L’enquête Les Soldats d’Allah, diffusée lundi 2 mai dans l’émission Spécial Investigation, sur Canal+, raconte l’infiltration d’un journaliste dans un groupe d’une dizaine d’hommes se revendiquant de Daech en France. Durant six mois, Saïd Ramzy (un nom d’emprunt) se fait passer pour l’un d’eux, et les filme en caméra cachée, principalement du côté de Châteauroux (Indre).

Si le film s’intéresse à la psychologie de ces djihadistes – dont le leader se dit prêt à mourir en martyr en perpétrant un attentat sur le sol français- il s’attarde également longuement sur les modes de communication utilisés.

Saïd Ramzy entre en contact avec eux en se créant un faux profil Facebook. Mais les djihadistes qui l’ajoutent sur le réseau social préfèrent poursuivre la conversation sur Telegram, une application de messagerie instantanée disponible sur téléphone.“Telegram est le principal outil de propagande des sympathisants de Daech. Et il est utilisé par les recruteurs de terroristes, des types par nature très ouverts” confirme à Télérama Marc Armone (un pseudonyme), le journaliste qui a épaulé son confrère infiltré, à distance.

Le succès de Telegram auprès des djihadistes s’explique principalement par l’extrême confidentialité que garantit l’application. Les messages sont chiffrés et peuvent s’autodétruire. L’entreprise est si certaine de la sécurité de ses communications qu’elle offre 200 000 dollars à celui qui piratera et révélera des échanges. 100 000 dollars auraient été offerts à un développeur pour avoir dévoilé une faille, rapportait The Verge en 2014.

L’appli permet également d’envoyer des fichiers vocaux, des documents, et de créer des conversations de groupe allant jusqu’à 200 personnes. De véritables forums via lesquels les djihadistes peuvent diffuser leur propagande, s’organiser et mettre sur pied une attaque.

“Le droit à la confidentialité est plus important que notre peur que quelque chose de mal comme le terrorisme se produise

Derrière ce concurrent de WhatsApp se cache deux frères russes, Pavel et Nicolaï Dourov, Après avoir créé VKontakte, le Facebook russe, les Dourov ont mis sur pied Telegram depuis les Etats-Unis, et ont basé son siège à Berlin, à l’aide de leur fortune personnelle. Mais l’esprit des Dourov est loin de celui d’un Zuckerberg. A la tête de l’entreprise, Pavel est férocement attaché à la pensée libertarienne.

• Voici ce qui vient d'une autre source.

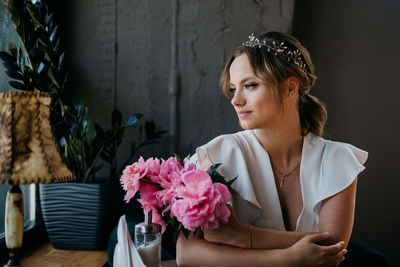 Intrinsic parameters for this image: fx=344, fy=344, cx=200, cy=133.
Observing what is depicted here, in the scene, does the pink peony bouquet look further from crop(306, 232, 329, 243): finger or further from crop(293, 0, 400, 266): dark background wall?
crop(293, 0, 400, 266): dark background wall

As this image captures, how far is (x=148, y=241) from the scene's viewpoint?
113 centimetres

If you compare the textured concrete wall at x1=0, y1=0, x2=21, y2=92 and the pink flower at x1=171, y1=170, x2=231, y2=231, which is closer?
the pink flower at x1=171, y1=170, x2=231, y2=231

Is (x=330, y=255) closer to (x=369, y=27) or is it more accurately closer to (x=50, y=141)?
(x=50, y=141)

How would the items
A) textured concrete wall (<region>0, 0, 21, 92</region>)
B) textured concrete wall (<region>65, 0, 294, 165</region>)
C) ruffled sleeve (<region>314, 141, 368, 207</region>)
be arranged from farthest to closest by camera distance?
1. textured concrete wall (<region>65, 0, 294, 165</region>)
2. textured concrete wall (<region>0, 0, 21, 92</region>)
3. ruffled sleeve (<region>314, 141, 368, 207</region>)

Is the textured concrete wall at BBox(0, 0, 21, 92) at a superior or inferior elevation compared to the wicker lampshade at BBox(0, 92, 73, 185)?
superior

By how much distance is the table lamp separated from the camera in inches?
44.3

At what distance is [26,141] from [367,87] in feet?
8.06

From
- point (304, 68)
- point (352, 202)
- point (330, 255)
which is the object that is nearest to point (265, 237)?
point (330, 255)

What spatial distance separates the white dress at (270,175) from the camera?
1.58 m

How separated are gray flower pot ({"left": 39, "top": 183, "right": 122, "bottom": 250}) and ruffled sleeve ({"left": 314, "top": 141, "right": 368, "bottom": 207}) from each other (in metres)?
1.30

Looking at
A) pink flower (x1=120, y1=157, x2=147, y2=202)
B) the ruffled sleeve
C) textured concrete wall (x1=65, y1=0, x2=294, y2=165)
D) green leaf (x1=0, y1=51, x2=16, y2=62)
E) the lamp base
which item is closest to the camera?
pink flower (x1=120, y1=157, x2=147, y2=202)

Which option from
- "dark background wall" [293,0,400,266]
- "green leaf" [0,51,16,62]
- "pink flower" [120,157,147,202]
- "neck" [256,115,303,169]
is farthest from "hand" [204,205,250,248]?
"dark background wall" [293,0,400,266]

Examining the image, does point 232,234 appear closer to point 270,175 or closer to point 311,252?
point 311,252

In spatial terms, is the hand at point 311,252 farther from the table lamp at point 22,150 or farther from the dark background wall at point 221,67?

Interrogé en 2015 sur ce qu’il pensait du fait que des djihadistes utilisent sa plateforme pour communiquer, il répondait : “Le droit à la confidentialité est plus important que notre peur que quelque chose de mal comme le terrorisme se produise.” Et assurait que les djihadistes trouveraient toujours un outil leur permettant d’échanger sur le Web. Conclusion : “Je ne pense pas que nous devions nous sentir coupables”. Sauf qu’au lendemain des attentats du 13 novembre, Dourov postait sur Instagram une photo de lui devant la Tour Eiffel, accompagnée d’un texte aux relents xénophobes :

I join all those who mourn deaths in the most beautiful city of the world. I think the French government is as responsible as ISIS for this, because it is their policies and carelessness which eventually led to the tragedy. They take money away from hardworking people of France with outrageously high taxes and spend them on waging useless wars in the Middle East and on creating parasitic social paradise for North African immigrants. It is a disgrace to see Paris in the hands of shortsighted socialists who ruin this beautiful place. I hope they and their policies go away forever and this city will once again shine in its full glory – safe, rich and beautiful. Vive la France !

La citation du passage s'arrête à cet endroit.